This thread kind of got off into a tangent about solr specifics -- if you
skip down it's really a question about underlying performance concerns of
using docvalues vs using stored fields.

: 1.      _version_ never needs to be searchable, thus, indexed=false makes sense.

Unless i'm wrong, the version field is involved in "search" contexts
because of optimistic concurrency - in order for an "updated doc=1 if
version=42" then under the covers a search is done against hte version
field --- but since this is a fairly constrained filter, indexed=false
might still be fine as long as docValues=true because the search can be
done via a DocValues based filter.

: 4.      Given the above, is using docValues=true for _version_ a good idea?

: My take is a simple “no”.  Since docValues is, in essence, column
: oriented storage (and can be seen, I think, as an alternate index
: format), what benefit is to be gained for the _version_ field.  The

To be clear -- Solr already has code thta depends on having "Doc Values"
on the version field to deal with max version value in segments (see
VersionInfo.getVersionFromIndex and VersionInfo.getMaxVersionFromIndex) --
but as with any field, that doens't mean you must have 'docValues="true"'
in your schema, instead the UninvertedReader can be used as long as the
field is indexed.

But that's really not what Ishan is asking about.  

We know it's possible to use docValues=true && indexed=false on the
version field -- SOLR-6337 is open to decide if that makes sense in the
sample configs.  Ishan's question is really about stored=false.

The key bit of context of Ishan's question is updateable docValues
(SOLR-5944) and if/how it might be usable in Solr for the version field --
but one key aspect of doing that would be in ensuring that we can *return*
the correct version value to user (for optimistic concurrency).  Currently
that's done with stored fields, but that wouldn't be feasible if we go
down hte route of updateable docValues, which means we would have to
"return" the version field from the docValues.

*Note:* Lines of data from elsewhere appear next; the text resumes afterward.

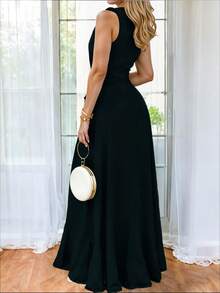 Vestido Largo de Hombros Descubiertos con Escote en V Profundo y Volantes Delicados con Abertura Lateral Alta en Pierna y Cinturón Ajustable Elegante para Mujer - Negro - Ver 4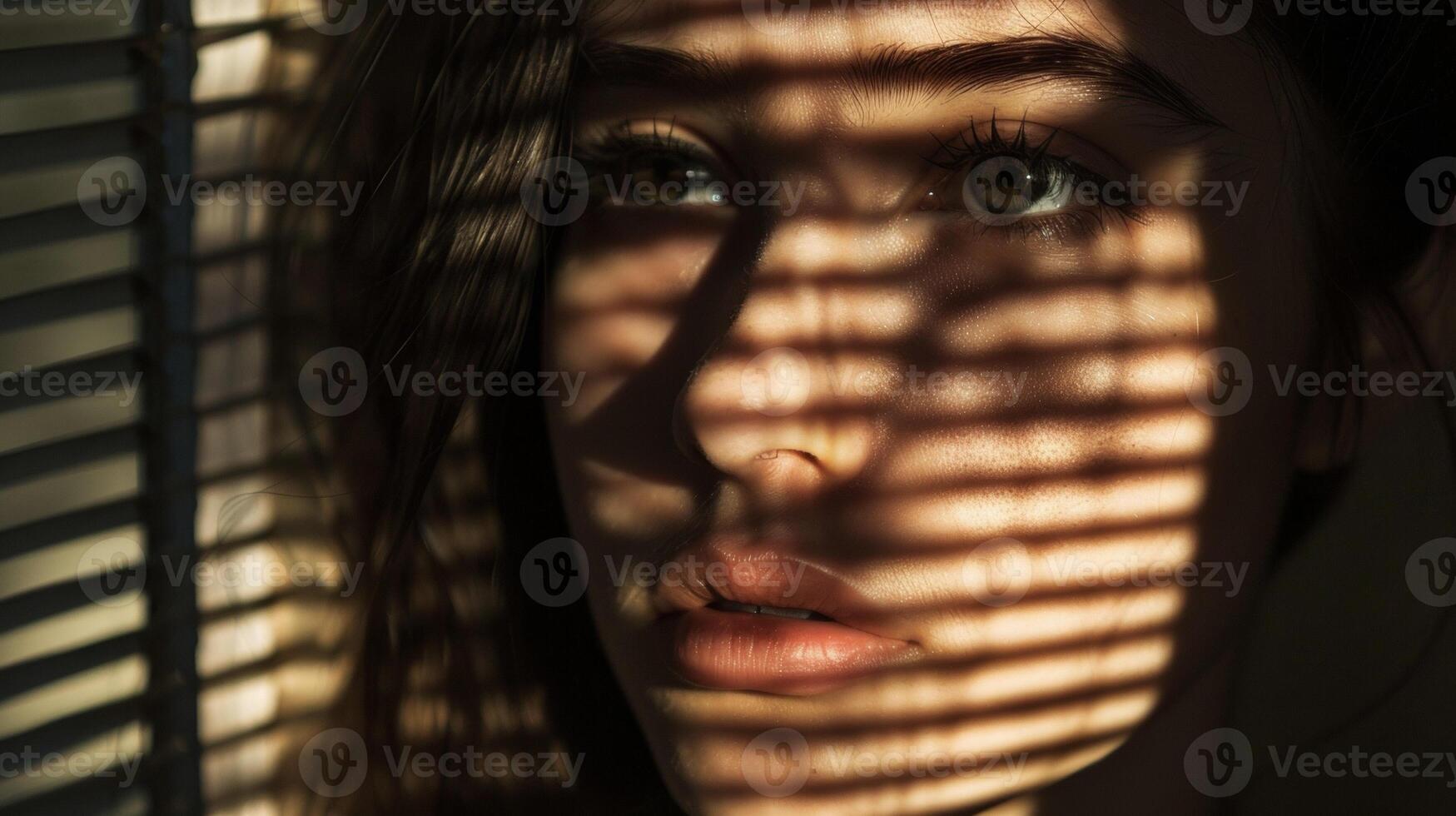 The sunlight filters in through the slatted blinds of a dimly lit room casting shadows across the face of a woman with strikingly bold features. Her expression is one of quiet photo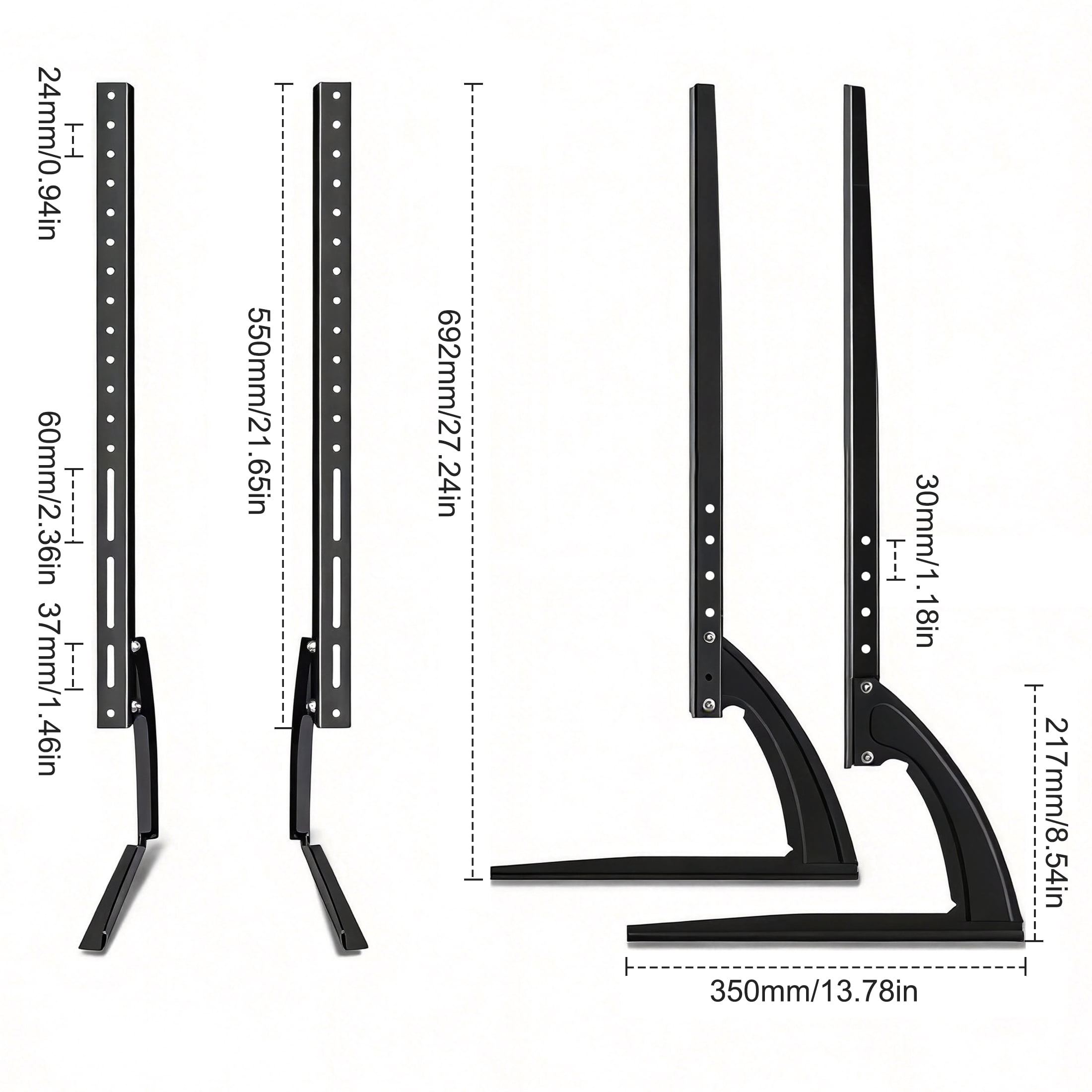 GARITIN Universal Table Top TV Stand, Replacement TV Base Legs for 37-75 Inch Flat Screen TV
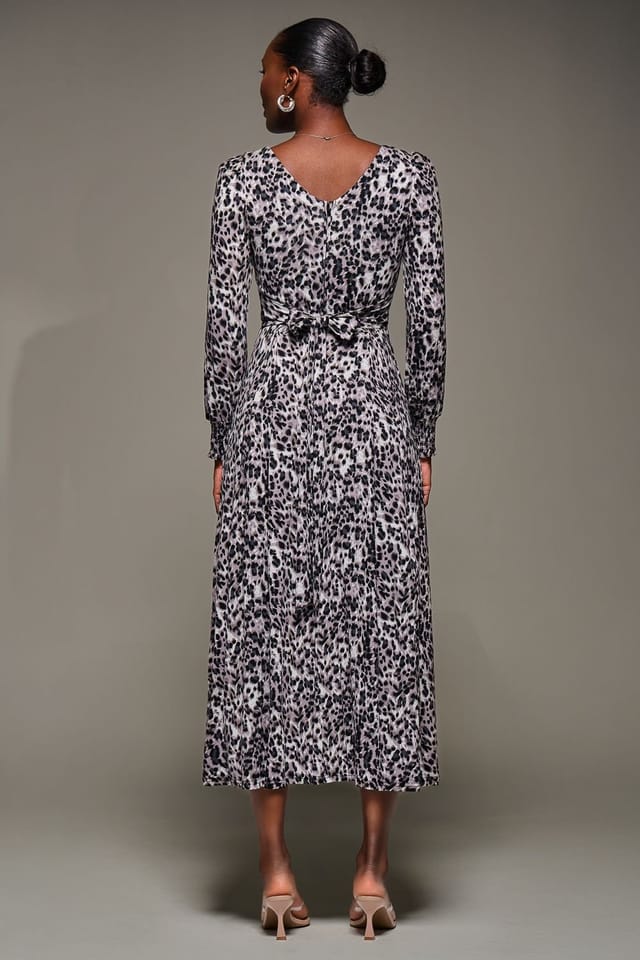 Jolie Moi Jolie Moi Women's Jersey Belted Long Sleeve Maxi Dress in Pink - 2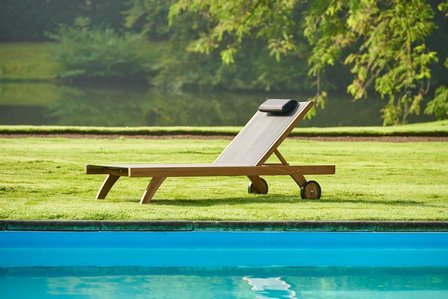 Traditional Teak KATE lounger / Liege (Schwarz)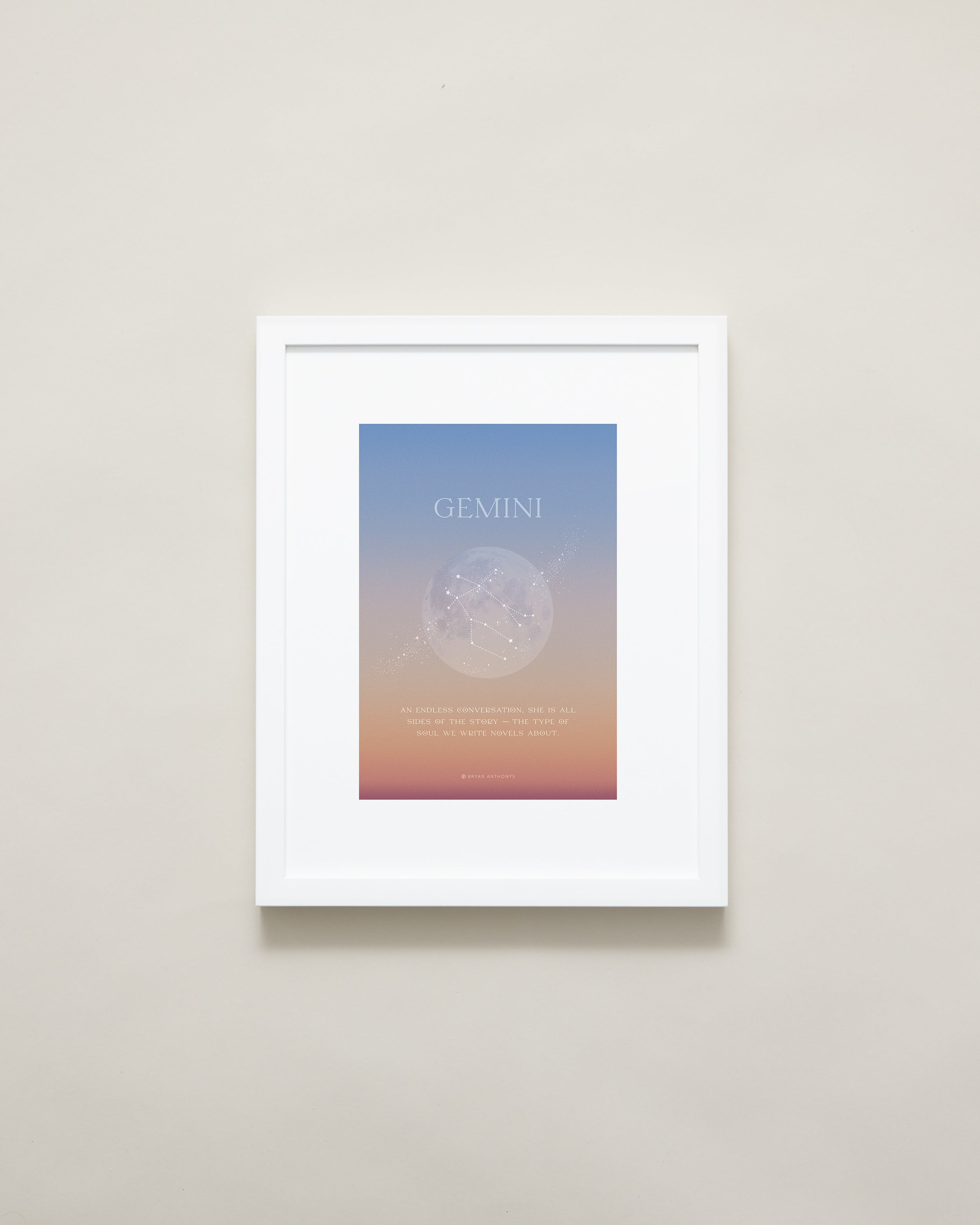 Bryan Anthonys Gemini Zodiac Moon Framed Graphic Print White Frame 11x14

that's where ishan's question about docvalues and performance and disk
seeks comes from...

What are the downsides in saying "instead of using docvalues and stored
fields for this this single valued int per doc, we're only going to use
docvalues & when doing pagination we will return the current value of the
field to the user from the docvalues" what kind of performance impacts
come up in that case when you have 100 docs per page(ination)


-Hoss
http://www.lucidworks.com/


---------------------------------------------------------------------
To unsubscribe, e-mail: [hidden email]
For additional commands, e-mail: [hidden email]
Reply | Threaded
Open this post in threaded view
|

Re: Version field as DV

david.w.smiley@gmail.com
I don’t know if it’s worth it in terms of the trade-offs, but there’s something to be said about having *both* indexed=true & docValues=true on the _version_ field in particular.  docValues is not an “index”; any operation other than looking up the value for a specific document is O(docs) with docValues.  VersionInfo.getMaxVersionFromIndex() has a slow O(docs) algorithm when it has to use docValues, versus the field being indexed=true which uses a O(log(versionCount)) where versionCount <= docs.  It’s actually sometimes constant-time if the index postings format supports ordinals (the default BlockTree one does not).  Maybe we should use an ord-supported postings format.  What I don’t know is how frequent some of these operations are on a version field, thus could better judge the trade-offs.

~ David

On Mon, Jun 22, 2015 at 1:01 PM Chris Hostetter <[hidden email]> wrote:

This thread kind of got off into a tangent about solr specifics -- if you
skip down it's really a question about underlying performance concerns of
using docvalues vs using stored fields.

: 1.      _version_ never needs to be searchable, thus, indexed=false makes sense.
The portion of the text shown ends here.